A number of trends challenged conventional thinking during the month, especially in the United States. Investors bullish on U.S. stocks, a stronger U.S. dollar and an infrastructure boom spurred by the Trump Administration faced some frustration in March.Performance (as of 3/31/2017)
The fund’s exposure to equities grew in response to uptrends, especially in European and emerging markets. In fact, the fund was long in 24 of the 25 equity markets it followed in March. Growth and inflation are rising in several European countries, while emerging markets are benefiting from rebounding commodities prices and a weaker U.S. dollar. India is leading global markets this year, bolstered by a new government policy that replaced cash transactions with ones taking place through a centralized digital currency network.

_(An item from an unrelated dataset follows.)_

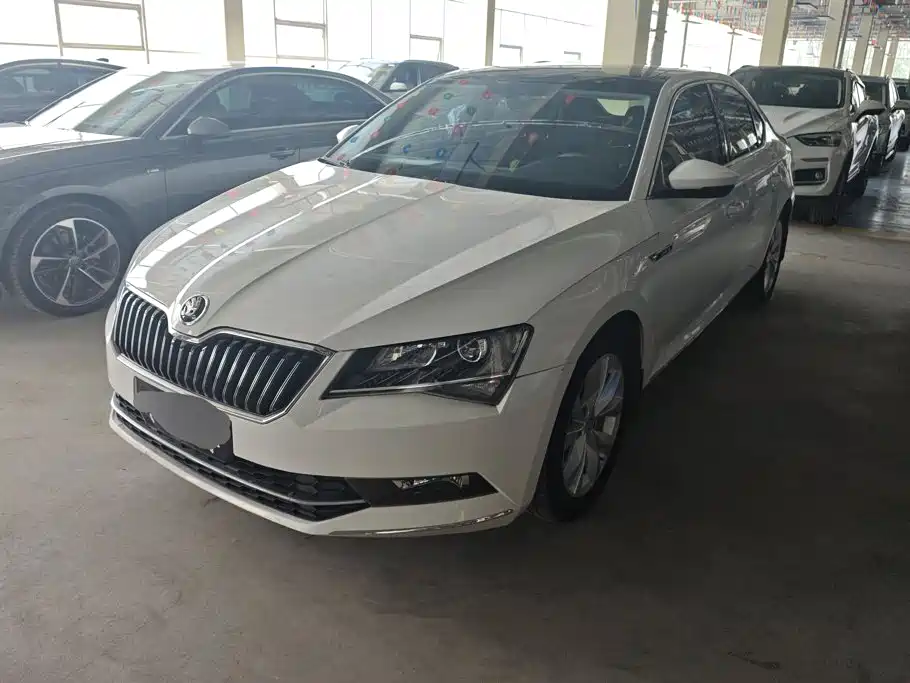 Skoda Speedy 2018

The U.S. dollar remained largely flat despite an interest rate hike by the Federal Reserve mid-month. It’s uncertain whether this contrarian trend will continue, but it is not without precedent. In the late 1970s and mid-2000s, the dollar moved downward despite aggressive Fed rate hikes. The current environment appears to be creating opportunities in currencies that are benefiting from undervaluation and attractive interest rate spreads, like the Russian ruble. In contrast to the 1990s, Russia today has one of the lowest debt-to-GDP ratios in the world, and the country has been diversifying its economy and forging major economic alliances with emerging Asian economies, most notably China.

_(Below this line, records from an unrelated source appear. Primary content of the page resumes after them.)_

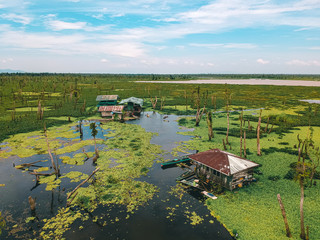 Fototapeta premium Agusan Marsh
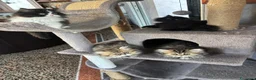 Persiano gatti in vendita: DISPONIBILI 2 MERAVIGLIOSI CUCCIOLI DI PERSIANO - Annuncio 2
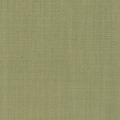 Aster Celadon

Commodities were mixed in March, with hopes fading that the Donald Trump administration would be able to move quickly on infrastructure improvements. Many investors who were hot on base metals and energy-related stocks have since cooled as legislative realities set in. Crude is one example of a consensus trade that failed to pan out. In fact, energy was among the worst performers in the first quarter, despite a cut in output from Saudi Arabia.